SUPPLIED ENTRIES =
*-*-*

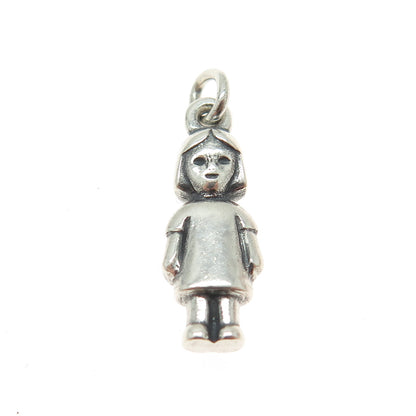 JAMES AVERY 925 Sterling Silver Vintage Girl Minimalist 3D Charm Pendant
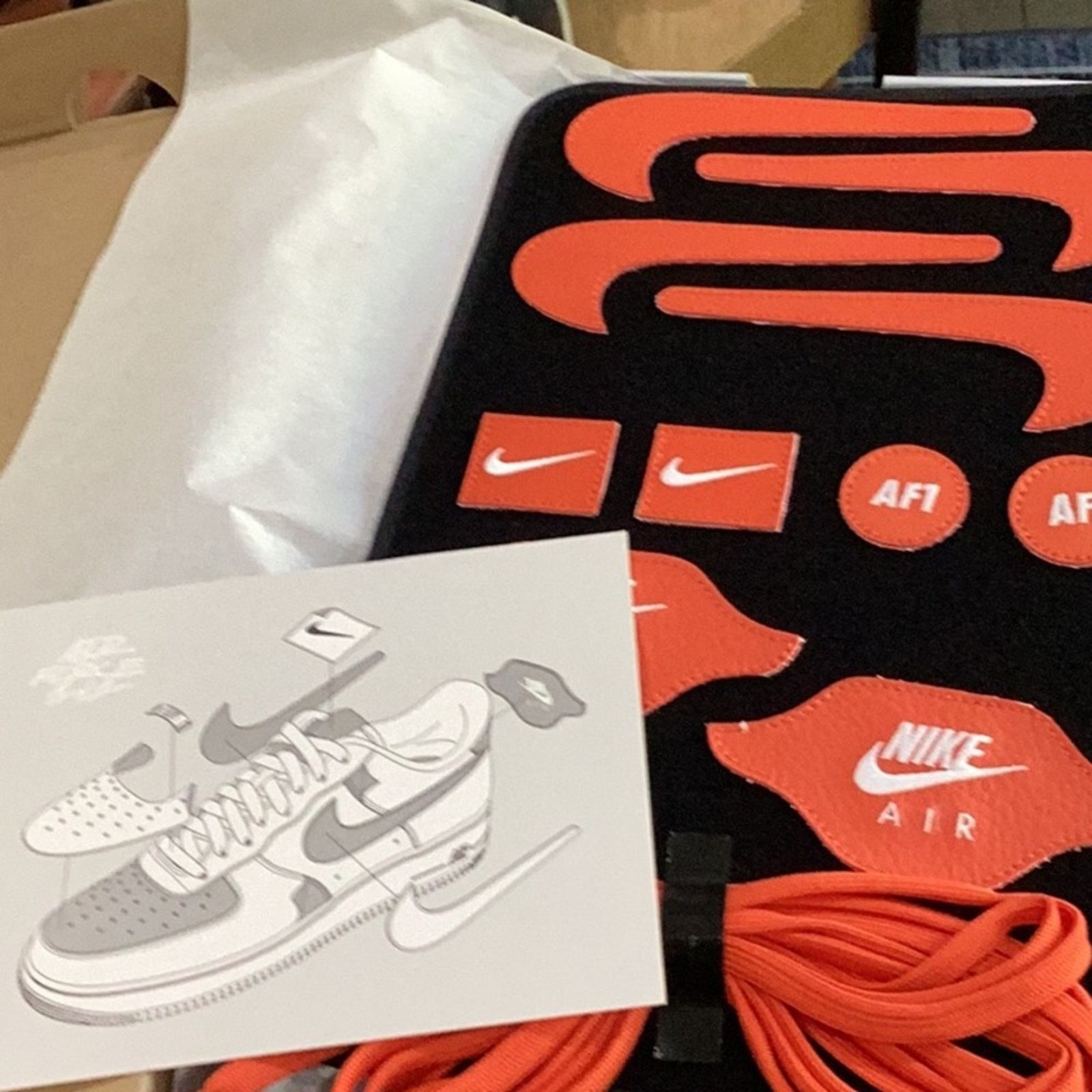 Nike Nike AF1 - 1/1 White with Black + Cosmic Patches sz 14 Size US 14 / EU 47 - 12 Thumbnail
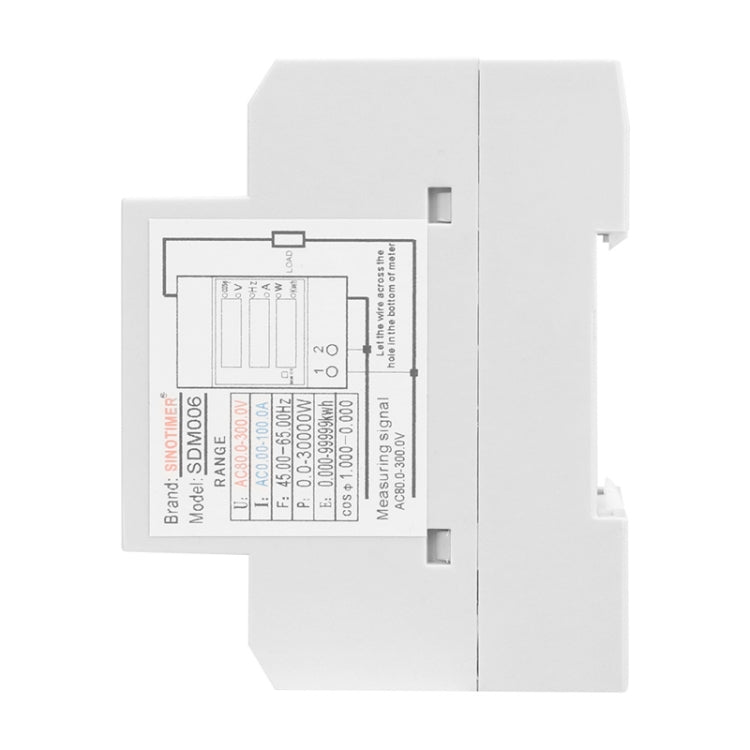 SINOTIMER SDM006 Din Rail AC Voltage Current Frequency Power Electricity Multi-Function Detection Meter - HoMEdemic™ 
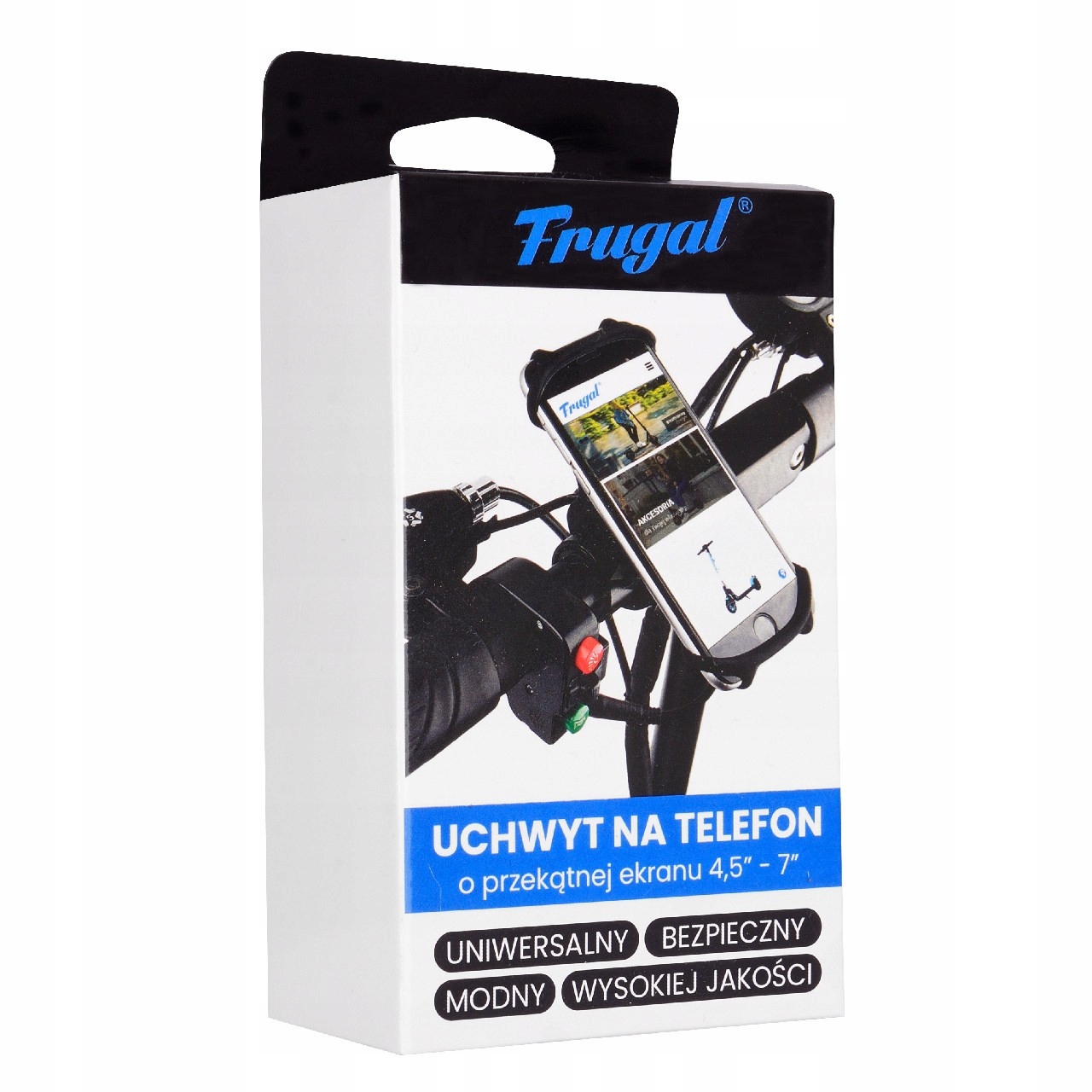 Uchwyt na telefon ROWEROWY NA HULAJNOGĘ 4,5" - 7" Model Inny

*-*-*

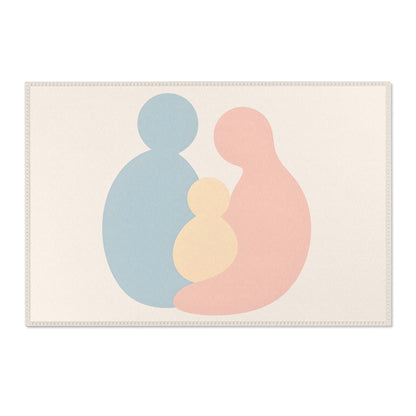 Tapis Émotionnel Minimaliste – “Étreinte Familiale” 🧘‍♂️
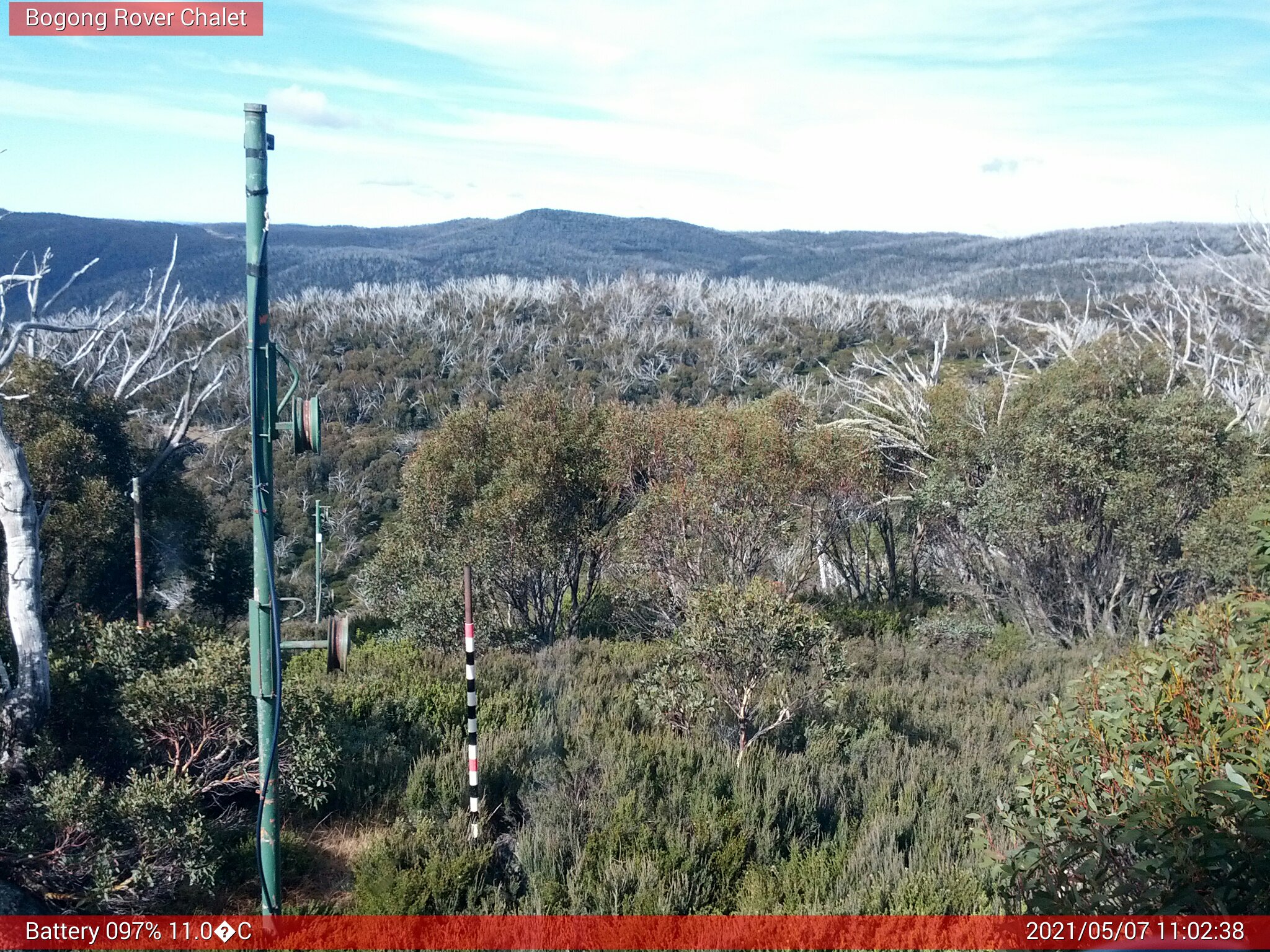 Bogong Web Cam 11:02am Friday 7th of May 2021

*-*-*

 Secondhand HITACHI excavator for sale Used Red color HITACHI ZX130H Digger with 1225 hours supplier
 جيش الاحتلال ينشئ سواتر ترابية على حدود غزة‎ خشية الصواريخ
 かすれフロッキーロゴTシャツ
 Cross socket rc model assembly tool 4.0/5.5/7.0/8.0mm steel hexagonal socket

*-*-*

ASSIGNED TASK = Above are the entries. Quote exactly the lines from the one bearing "Secondhand HITACHI excavator" through the one bearing "Cross socket rc".

RESULT OF THIS TASK =
 Secondhand HITACHI excavator for sale Used Red color HITACHI ZX130H Digger with 1225 hours supplier
 جيش الاحتلال ينشئ سواتر ترابية على حدود غزة‎ خشية الصواريخ
 かすれフロッキーロゴTシャツ
 Cross socket rc model assembly tool 4.0/5.5/7.0/8.0mm steel hexagonal socket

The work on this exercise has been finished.